Selain itu, depresiasi harga pada mobil baru yang sangat tajam di tahun-tahun pertama membuat konsumen merasa lebih "aman" secara finansial jika membeli unit bekas. Mereka tidak perlu menanggung beban penyusutan nilai aset yang terlalu besar di awal masa kepemilikan.
Faktor Harga dan Nilai Ekonomis
Harga mobil bekas yang lebih terjangkau menjadi daya tarik utama. Di tengah ketidakpastian pendapatan, cicilan bulanan yang lebih rendah menjadi pertimbangan krusial. Dealer mobil bekas yang mampu menyediakan skema pembiayaan yang fleksibel biasanya akan lebih mudah menarik minat pasar yang sedang melakukan efisiensi anggaran.

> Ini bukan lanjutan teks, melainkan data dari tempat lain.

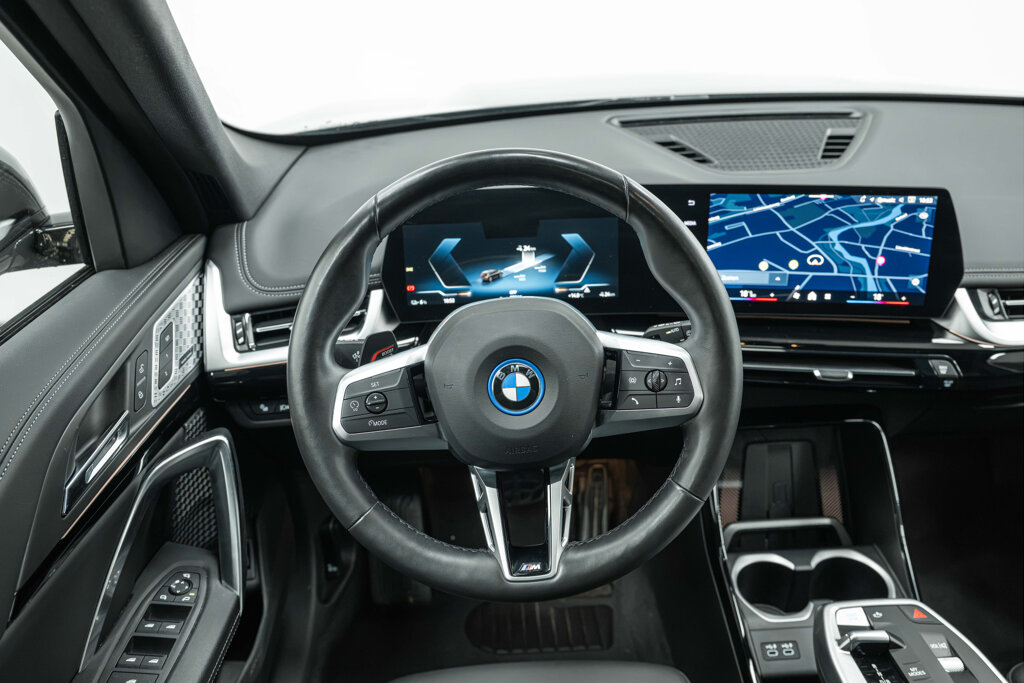 BMW iX1 35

Tantangan Berat yang Menghantui Pelaku Bisnis
Namun, jangan salah sangka. Meskipun peluangnya ada, bisnis jual beli mobil bekas saat ini tidak semudah dulu. Ada berbagai tantangan yang harus dihadapi oleh para pedagang maupun pemilik showroom agar tidak mengalami kerugian.
Beberapa tantangan utama yang perlu diwaspadai antara lain:
Kenaikan Suku Bunga Kredit: Karena mayoritas transaksi mobil bekas menggunakan skema kredit, kenaikan suku bunga akan membuat cicilan menjadi lebih mahal, yang pada akhirnya dapat menurunkan minat beli.
Standar Kualitas Konsumen yang Meningkat: Konsumen saat ini jauh lebih cerdas. Mereka tidak lagi hanya melihat tampilan fisik, tetapi juga melakukan pengecekan mendalam terhadap riwayat servis, kondisi mesin, hingga keaslian dokumen.
Persaingan Harga yang Ketat: Dengan banyaknya pemain di industri ini, mulai dari showroom besar hingga individu yang berjualan melalui marketplace, perang harga menjadi hal yang sulit dihindari.
Manajemen Stok (Inventory Management): Menjaga agar stok unit tidak mengendap terlalu lama di showroom adalah tantangan tersendiri. Unit yang terlalu lama tidak terjual akan menjadi beban biaya modal dan risiko penurunan nilai.